# 2010 Bike Virginia Report



## MB1

Miss M, The Philadelphia Lawyer (Phil for short) and I met up for BikeVA. We rode a lot together this winter in Florida but it sure was cold, not going to be a problem in the Shenandoah Valley this week..... 

We got a crazy early start and were treated to a great sunrise, great views and endless empty roads. :thumbsup:


----------



## Opus51569

Man, you really are living the dream...kudos...and great pix!


----------



## MB1

After the first (very fine) rest stop the views opened up and the climbing got a little harder. Phil couldn't quite keep up with us going up but a little cruising on the downhills and we were back together.

At some point several routes of the days ride started to converge and we started to see other folks. Still, there was plenty of room on the very quiet rural roads.

The second rest stop, oh my! :yesnod:


----------



## MB1

Actually the rest stops were very close together so from the last pig-out to town was only about 20 miles. For the first time in 65 miles we started to see clumps of other riders (like you might expect to see in a 2,000 person ride).

It was nice to finish and get an icy drink as the day was heating up.

Then it was time for phase 2 and 3 of what is sure to become our daily ritual.

Eating and shopping. :thumbsup: 

Should be a fun week.


----------



## skyphix

Awesome - can't wait for the rest of the weeks photos!


----------



## Slim Again Soon

Shenandoah Valley, and all of western Virginia, really, sure is pretty.

Thanks for the pix.

The woman on the ukelele recumbent ... she sure looks fit!


----------



## MB1

Sunday started out much warmer than Saturday (and Saturday was by no means cool). Not quite as cloudy either. Again we got a nice early start. Turned out there were a lot more folks getting an early start today.

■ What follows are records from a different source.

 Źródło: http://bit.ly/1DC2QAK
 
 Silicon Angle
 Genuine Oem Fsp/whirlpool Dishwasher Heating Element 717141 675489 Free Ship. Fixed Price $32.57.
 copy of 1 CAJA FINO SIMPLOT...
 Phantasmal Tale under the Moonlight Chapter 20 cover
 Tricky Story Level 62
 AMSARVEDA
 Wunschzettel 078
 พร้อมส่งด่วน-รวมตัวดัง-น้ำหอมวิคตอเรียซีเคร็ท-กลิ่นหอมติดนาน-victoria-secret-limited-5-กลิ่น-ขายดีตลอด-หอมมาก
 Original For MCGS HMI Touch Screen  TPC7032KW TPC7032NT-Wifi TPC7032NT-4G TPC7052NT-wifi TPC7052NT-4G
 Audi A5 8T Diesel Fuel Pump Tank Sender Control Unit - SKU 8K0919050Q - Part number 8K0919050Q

Likely they hoped to beat the heat too.


----------



## MB1

Just like yesterday we got to lunch a couple of hours before it was scheduled to open.

No lunch for you! 

Actually it was way too hot to eat a meal anyway. We filled our bottles and took off.

The ride got hillier and the temps were climbing faster then we were.  

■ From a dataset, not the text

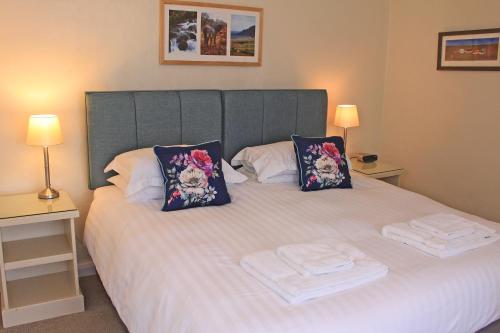 The Cottage B&B – Photos 3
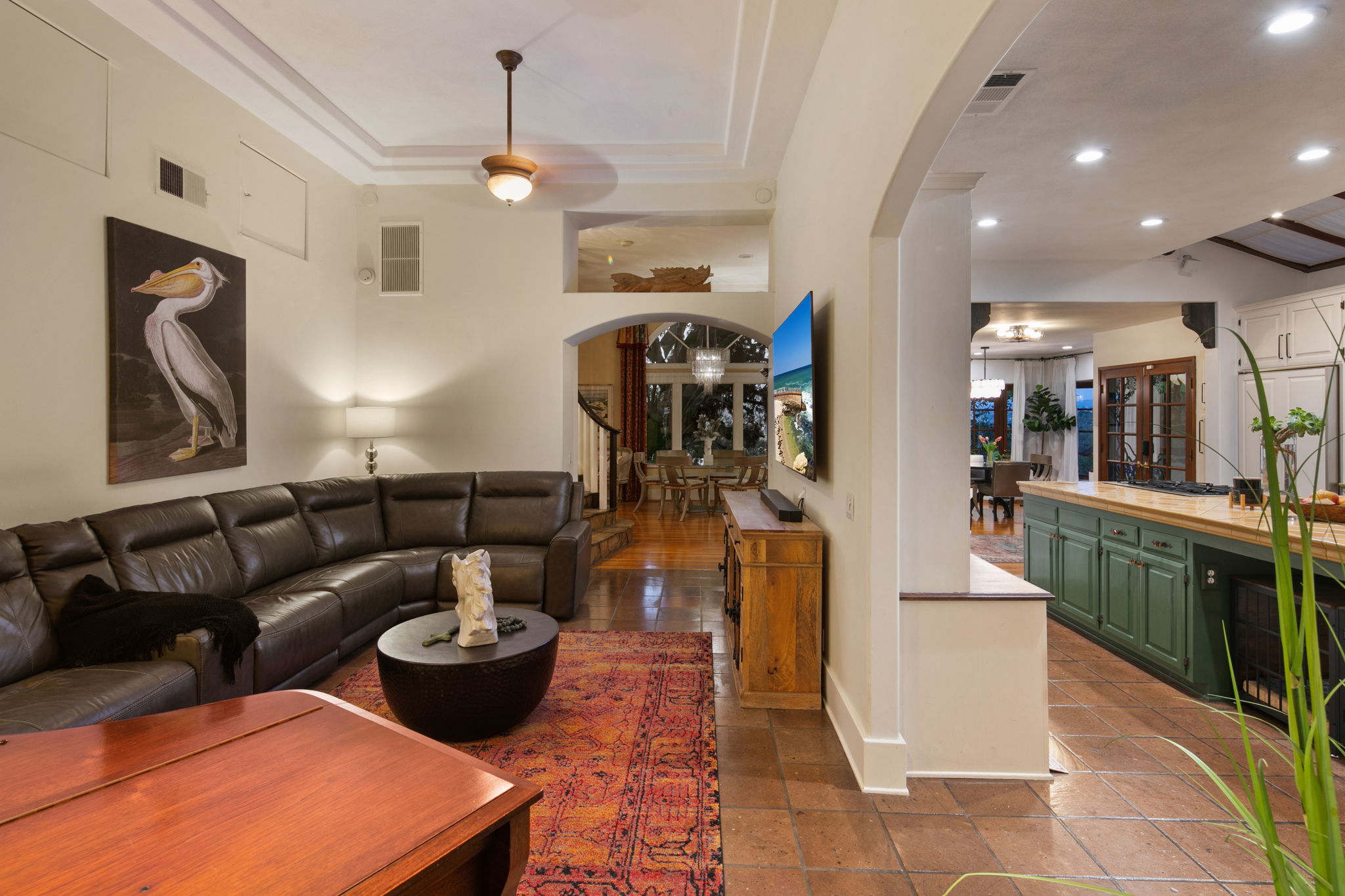 1115 S Mollison Ave-157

So we only added 24 miles to the route.  

I'm riding with some fairly hard core folks!

Now, what's to eat?


----------



## MB1

Somehow or another we didn't end up doing any shopping on day 2 but we did visit the a Presidential Library (almost no books in the place...).

But darn it, I was so hungry I didn't get any pix of the pizza. :mad2: 

I did manage some ice-cream pix though. :thumbsup:


----------



## 97G8tr

Awesome! Thanks for the pics. As a former Virginian, stuck in Atlanta, I'm envious.

If you want to do some amazing riding after the Bike Virginia check out the beginning of Blue Ridge parkway, south to Wintergreen. Some great roads down on the east side of the valley. Since you're from D.C. I'll spare you with how great I think Charlottesville is. :thumbsup:


----------



## FatTireFred

never seen a nitto technomic on a merlin before...


----------



## MarkS

MB1 said:


> Sunday started out much warmer than Saturday (and Saturday was by no means cool). Not quite as cloudy either. Again we got a nice early start. Turned out there were a lot more folks getting an early start today.
> 
> Likely they hoped to beat the heat too.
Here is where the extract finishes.